Markov Decision Processes: Definition

We represent Bob’s decision problem as a Markov Decision Process (MDP) and, more specifically, as a discrete “Gridworld” environment. An MDP is a tuple $\left\langle S,A(s),T(s,a),U(s,a) \right\rangle$ , including the states, the actions in each state, the transition function that maps state-action pairs to successor states, and the utility or reward function. In our example, the states $S$ are Bob’s locations on the grid. At each state, Bob selects an action $a \in \{ \text{up}, \text{down}, \text{left}, \text{right} \}$ , which moves Bob around the grid (according to transition function $T$ ). In this example we assume that Bob’s actions, as well as the transitions and utilities, are all deterministic. However, our approach generalizes to noisy actions, stochastic transitions and stochastic utilities.

As with the one-shot decisions of the previous chapter, the agent in an MDP will choose actions that maximize expected utility. This depends on the total utility of the sequence of states that the agent visits. Formally, let $EU_{s}[a]$ be the expected (total) utility of action $a$ in state $s$ . The agent’s choice is a softmax function of this expected utility:

$C(a; s) \propto e^{\alpha EU_{s}[a]}$

The expected utility depends on both immediate utility and, recursively, on future expected utility:

Expected Utility Recursion:

$EU_{s}[a] = U(s, a) + \mathbb{E}_{s', a'}(EU_{s'}[a'])$

with the next state $s' \sim T(s,a)$ and $a' \sim C(s')$ . The decision problem ends either when a terminal state is reached or when the time-horizon is reached. (In the next few chapters the time-horizon will always be finite).

The intuition to keep in mind for solving MDPs is that the expected utility propagates backwards from future states to the current action. If a high utility state can be reached by a sequence of actions starting from action $a$ , then action $a$ will have high expected utility – provided that the sequence of actions is taken with high probability and there are no low utility steps along the way.

Markov Decision Processes: Implementation

The recursive decision rule for MDP agents can be directly translated into WebPPL. The act function takes the agent’s state as input, evaluates the expectation of actions in that state, and returns a softmax distribution over actions. The expected utility of actions is computed by a separate function expectedUtility. Since an action’s expected utility depends on future actions, expectedUtility calls act in a mutual recursion, bottoming out when a terminal state is reached or when time runs out.

We illustrate this “MDP agent” on a simple MDP:

Integer Line MDP

States: Points on the integer line (e.g -1, 0, 1, 2).
Actions/transitions: Actions “left”, “right” and “stay” move the agent deterministically along the line in either direction.
Utility: The utility is $1$ for the state corresponding to the integer $3$ and is $0$ otherwise.

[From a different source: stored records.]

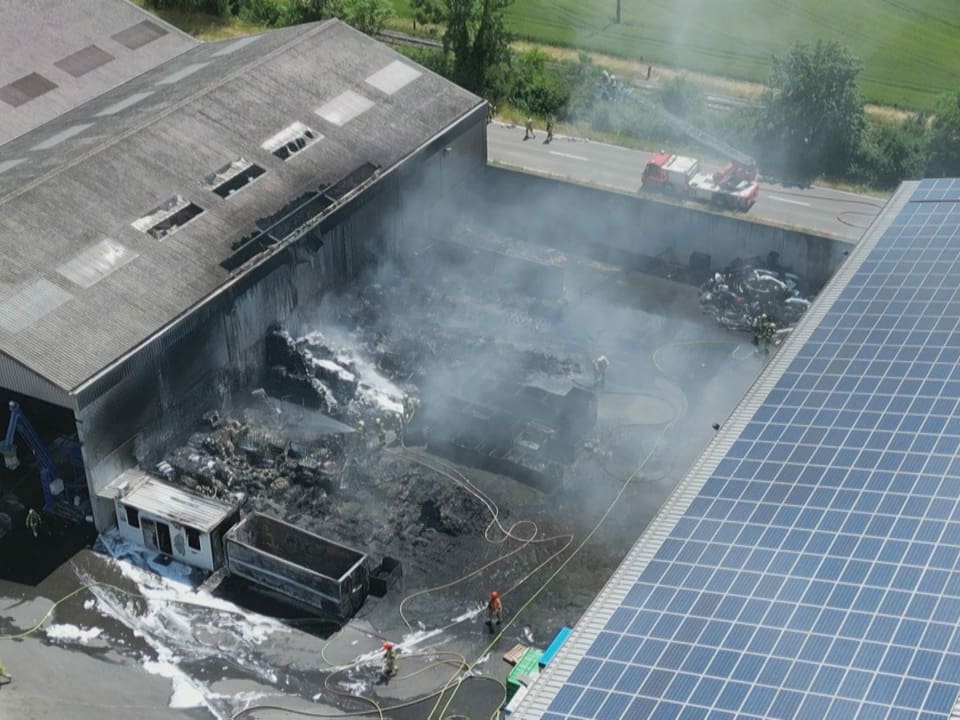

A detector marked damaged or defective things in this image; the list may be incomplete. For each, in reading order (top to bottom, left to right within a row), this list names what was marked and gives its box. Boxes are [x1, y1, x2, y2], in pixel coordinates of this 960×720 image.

broken window [260, 121, 320, 160]
broken window [205, 159, 266, 198]
broken window [133, 195, 204, 240]
damaged roof [0, 18, 484, 404]
burned wreckage [696, 255, 808, 344] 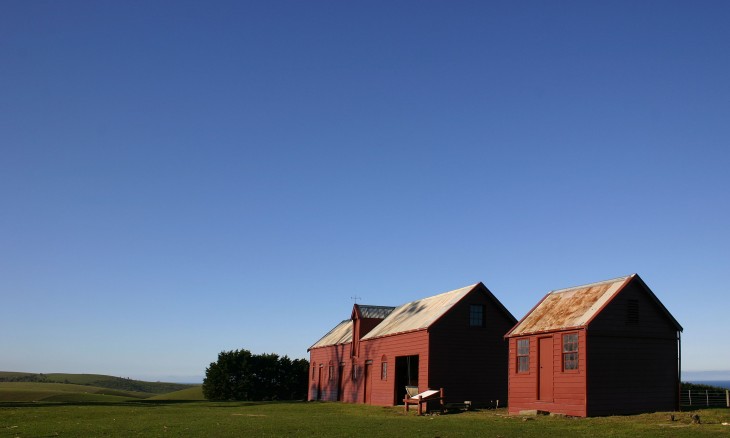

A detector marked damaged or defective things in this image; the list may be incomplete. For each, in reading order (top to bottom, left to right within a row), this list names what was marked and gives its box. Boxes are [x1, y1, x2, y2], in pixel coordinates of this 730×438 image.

rusty metal roof [308, 318, 352, 350]
rusty metal roof [362, 282, 480, 340]
rusty metal roof [506, 276, 632, 338] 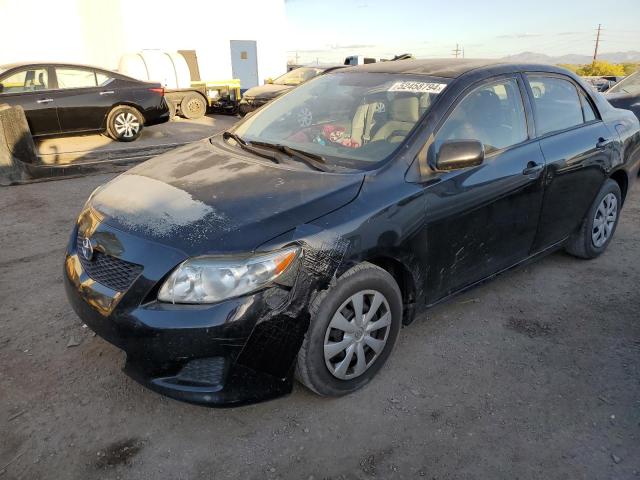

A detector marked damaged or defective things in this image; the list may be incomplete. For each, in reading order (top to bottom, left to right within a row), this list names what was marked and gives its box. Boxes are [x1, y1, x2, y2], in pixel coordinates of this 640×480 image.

damaged black car [63, 59, 640, 404] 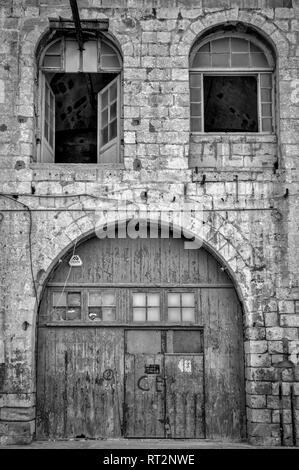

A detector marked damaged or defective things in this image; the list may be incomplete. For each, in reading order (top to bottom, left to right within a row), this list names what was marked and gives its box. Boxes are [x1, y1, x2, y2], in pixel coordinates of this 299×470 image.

broken window pane [205, 75, 258, 133] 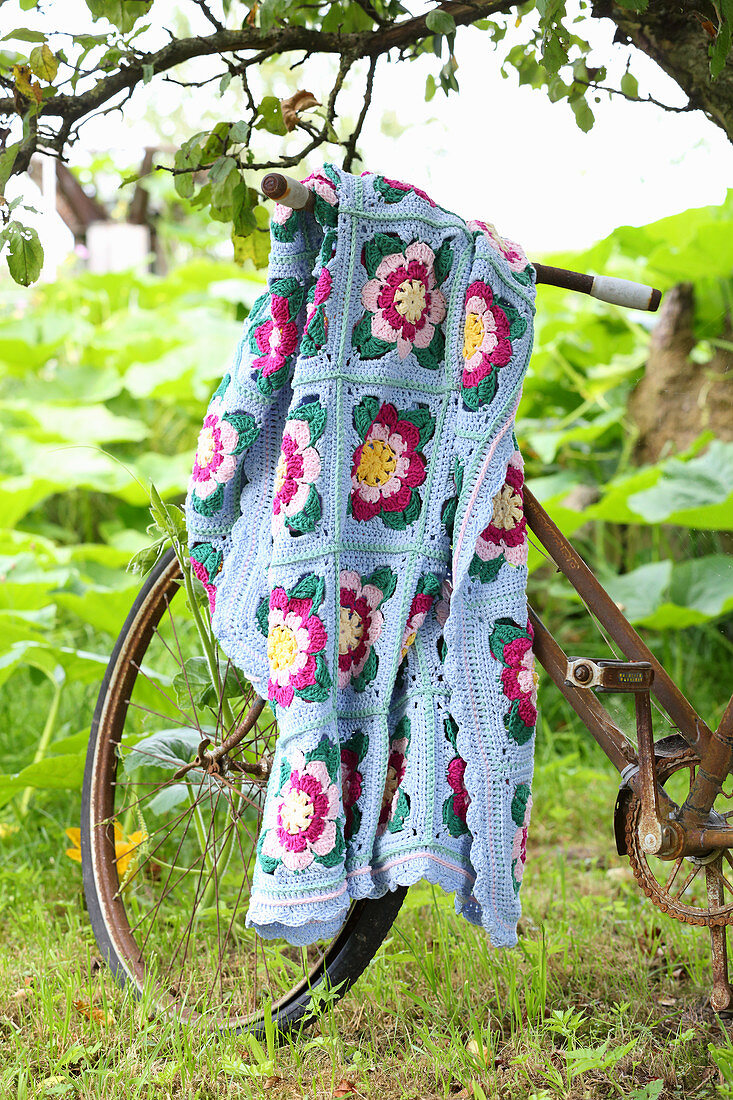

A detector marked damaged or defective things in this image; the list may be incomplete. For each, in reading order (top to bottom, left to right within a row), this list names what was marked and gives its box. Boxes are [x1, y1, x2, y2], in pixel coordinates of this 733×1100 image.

rusty bicycle [78, 175, 732, 1040] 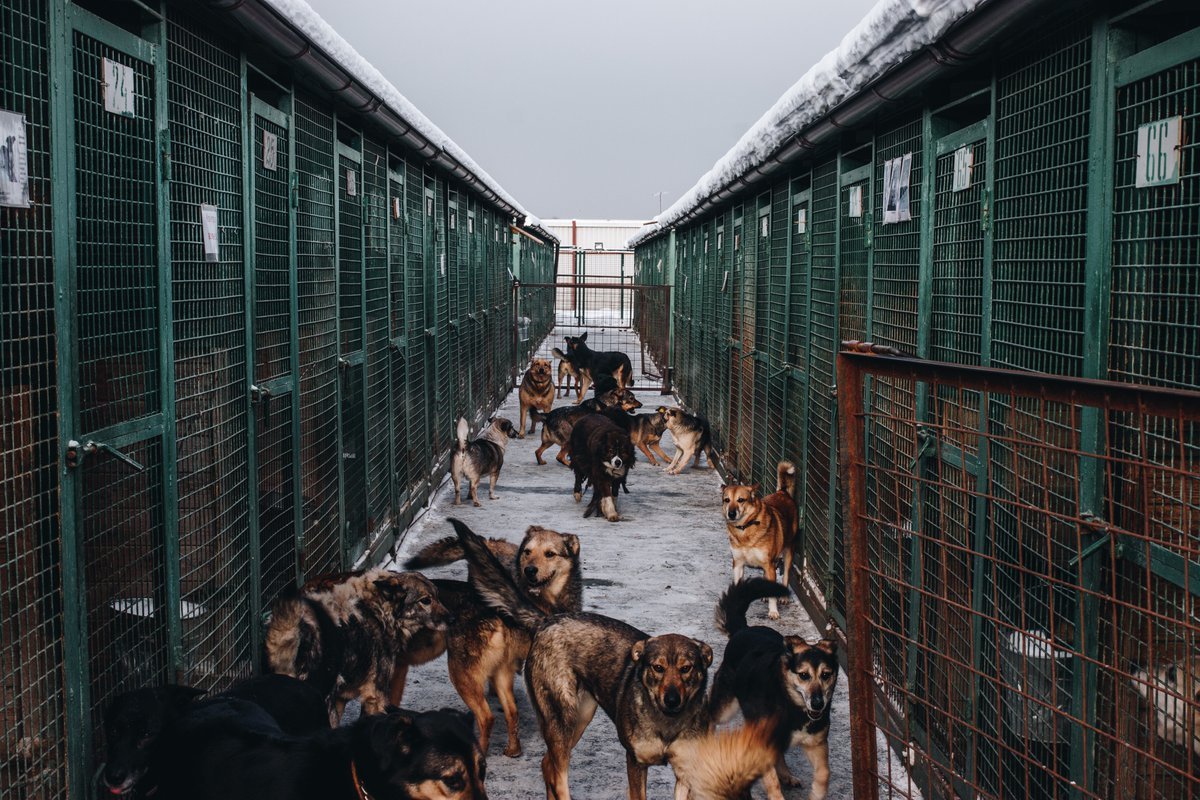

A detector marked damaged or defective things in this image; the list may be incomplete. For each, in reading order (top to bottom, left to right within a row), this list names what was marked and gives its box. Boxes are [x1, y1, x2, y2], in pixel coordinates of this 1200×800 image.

rusty gate latch [64, 440, 145, 472]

Here is a WebPPL agent that starts at the origin (state === 0) and that takes a first step (to the right):

var transition = function(state, action) {
  return state + action;
};

var utility = function(state) {
  if (state === 3) {
    return 1;
  } else {
    return 0;
  }
};

var makeAgent = function() { 
  
  var act = function(state, timeLeft) {
    return Infer({ model() {
      var action = uniformDraw([-1, 0, 1]);
      var eu = expectedUtility(state, action, timeLeft);
      factor(100 * eu);
      return action;
    }});
  };

  var expectedUtility = function(state, action, timeLeft){
    var u = utility(state, action);
    var newTimeLeft = timeLeft - 1;
    if (newTimeLeft === 0){
      return u; 
    } else {
      return u + expectation(Infer({ model() {
        var nextState = transition(state, action); 
        var nextAction = sample(act(nextState, newTimeLeft));
        return expectedUtility(nextState, nextAction, newTimeLeft);
      }}));
    }
  };

  return { act };
}

var act = makeAgent().act;

var startState = 0;
var totalTime = 4;

// Agent's move '-1' means 'left', '0' means 'stay', '1' means 'right'
print("Agent's action: " + sample(act(startState, totalTime)));

This code computes the agent’s initial action, given that the agent will get to take four actions in total. To simulate the agent’s entire trajectory, we add a third function simulate, which updates and stores the world state in response to the agent’s actions:

var transition = function(state, action) {
  return state + action;
};

var utility = function(state) {
  if (state === 3) {
    return 1;
  } else {
    return 0;
  }
};

var makeAgent = function() { 
  var act = function(state, timeLeft) {
    return Infer({ model() {
      var action = uniformDraw([-1, 0, 1]);
      var eu = expectedUtility(state, action, timeLeft);
      factor(100 * eu);
      return action;
    }});
  };

  var expectedUtility = function(state, action, timeLeft) {
    var u = utility(state, action);
    var newTimeLeft = timeLeft - 1;
    if (newTimeLeft === 0) {
      return u; 
    } else {
      return u + expectation(Infer({ model() {
        var nextState = transition(state, action); 
        var nextAction = sample(act(nextState, newTimeLeft));
        return expectedUtility(nextState, nextAction, newTimeLeft);
      }}));
    }
  };

  return { act };
}


var act = makeAgent().act;

var simulate = function(state, timeLeft){
  if (timeLeft === 0){
    return [];
  } else {
    var action = sample(act(state, timeLeft));
    var nextState = transition(state, action); 
    return [state].concat(simulate(nextState, timeLeft - 1))
  }
};

var startState = 0;
var totalTime = 4;
print("Agent's trajectory: " + simulate(startState, totalTime));

Exercise: Change the world such that it is a loop, i.e. moving right from state 3 moves to state 0, and moving left from state 0 moves to state 3. How does this change the agent’s sequence of actions?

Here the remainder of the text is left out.